Dell announced the first shipment of ocean plastics packaging for its Dell XPS 13 2-in-1 resulting from its commercial-scale pilot program where the company collected and recycles plastics from waterways and beaches for use in packaging tray. In 2017, the pilot program collected 16,000 pounds of plastic from entering the ocean. (Wouldn’t it also be wonderful if these plastics were compostable in the waterways/beaches in the first place? – my personal opinion)
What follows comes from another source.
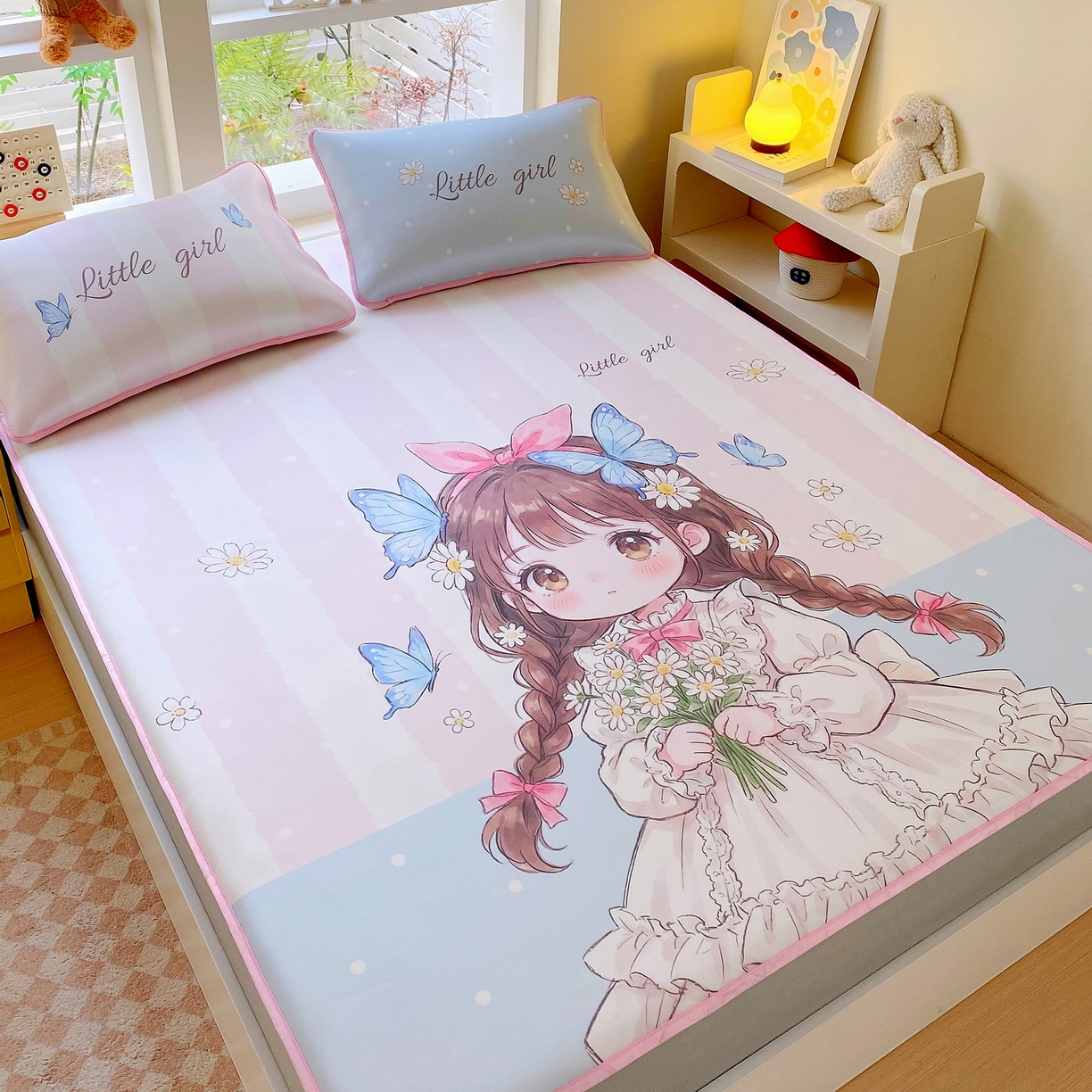 91家纺网 家纺一手货源 找家纺 莱米家纺 2026新款大版小冰皮床笠床席 蝴蝶女孩床笠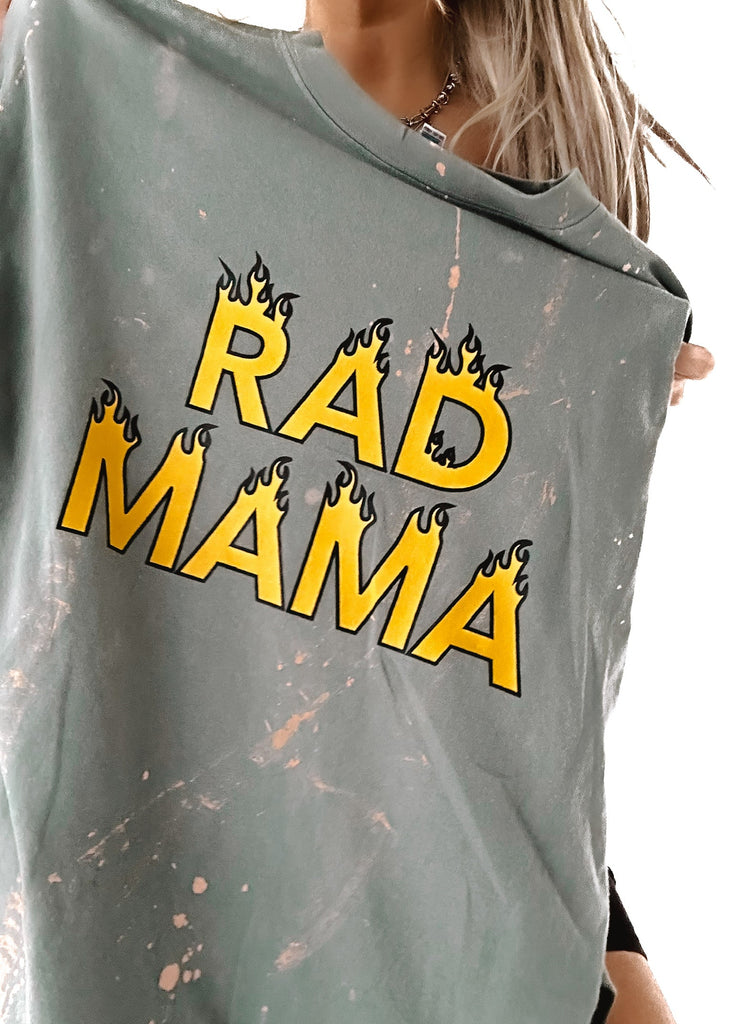 pebby forevee Side Slit Tee RAD MAMA BLEACHED OUT SIDE SLIT TEE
Dell will transition its XPS 13 2-in-1 to ocean plastics packaging beginning April 30, 2017. The company also will include educational information on its packaging to raise global awareness and action on ocean ecosystem health solutions, an area of shared interest between Dell, its Social Good Advocate, Adrian Grenier and the Lonely Whale Foundation. To help ensure the packaging does not end up back in the oceans, Dell will stamp each tray with the No. 2 recycling symbol, designating it as HDPE (which is commonly recyclable in many locations). Dell’s Packaging team designs and sources its product packaging to be more than 93 percent recyclable by weight so that it can be reused as part of the circular economy.
The ocean plastics supply chain process is made of multiple stages: Dell’s partners intercept ocean plastics at the source in waterways, shorelines and beaches before it reaches the ocean. It then processes and refines the used plastics, mixes the ocean plastic (25%) with other recycled HDPE plastics (the remaining 75%) from sources like bottles and food storage containers. Finally, it molds the resulting recycled plastic flake into new packaging trays and ship the trays for final packaging and customer delivery.
Since 2008, Dell claimed to have included post-consumer recycled plastics in its desktops, and as of January 2017, reached its 2020 goal of using 50 million pounds of recycled materials in its products. Dell claimed to be the first and currently, only company it said, to offer computers and monitors that contain e-waste plastics and recycled carbon fiber.
According to Dell, a recent study reported between 4.8 and 12.7 million metric tons of mismanaged plastic waste entered the ocean in 2010 alone. Dell has published a white paper on sourcing strategies and plans to convene a cross-industry working group that will address ocean plastics on a global scale.